The Ocean of Notions
I start with this question: is great writing a psychological or a spiritual exercise?
Why do so many writers eclipse themselves with mind-numbing substance? Is it to quiet the daily mind, to let go of the ego with its to-do lists and cannot’s and should have’s? Our mind is the world’s angriest prisoner, a recividist banging at the shell of our body, using us up foolishly. Great literature frees us from what we know or have known. Einstein says, “We can’t solve problems by using the same kind of thinking we used when we created them.” So it must come from elsewhere.
In Salman Rushdie’s first children’s book, Haroun travels to the earth’s second moon Khahani to restore his father’s storytelling tap, where fresh stories had once poured in from the Sea of Stories. The concept of the spring of knowledge, the ocean of meaning is archetypal.

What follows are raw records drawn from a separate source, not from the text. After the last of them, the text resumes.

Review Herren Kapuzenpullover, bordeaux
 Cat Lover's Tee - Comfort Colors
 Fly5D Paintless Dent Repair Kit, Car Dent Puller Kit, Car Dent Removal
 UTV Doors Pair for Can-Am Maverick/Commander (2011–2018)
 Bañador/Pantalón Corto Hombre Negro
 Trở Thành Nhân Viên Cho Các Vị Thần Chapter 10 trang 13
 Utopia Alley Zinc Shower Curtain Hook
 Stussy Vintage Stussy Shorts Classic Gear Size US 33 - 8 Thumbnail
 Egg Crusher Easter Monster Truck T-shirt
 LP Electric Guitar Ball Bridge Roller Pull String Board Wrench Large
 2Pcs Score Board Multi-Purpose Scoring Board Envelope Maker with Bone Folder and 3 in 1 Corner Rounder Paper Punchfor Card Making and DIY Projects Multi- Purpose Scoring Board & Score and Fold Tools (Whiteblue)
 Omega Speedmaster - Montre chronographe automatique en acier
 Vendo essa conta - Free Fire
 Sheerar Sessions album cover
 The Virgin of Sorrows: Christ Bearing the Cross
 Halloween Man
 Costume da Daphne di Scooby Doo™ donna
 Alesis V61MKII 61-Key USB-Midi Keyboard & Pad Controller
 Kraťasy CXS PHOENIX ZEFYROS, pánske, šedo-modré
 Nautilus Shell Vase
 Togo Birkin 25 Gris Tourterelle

“He looked into the water and saw that it was made up of a thousand thousand thousand and one different currents, each one a different colour, weaving in and out of one another like a liquid tapestry of breathtaking complexity; and Iff explained that these were the Streams of Story, that each coloured strand represented and contained a single tale.” (Haroun and the Sea of Stories, 1990)
So if our mind is a captive, how can we free ourselves and tap into the unknown, the creative well within?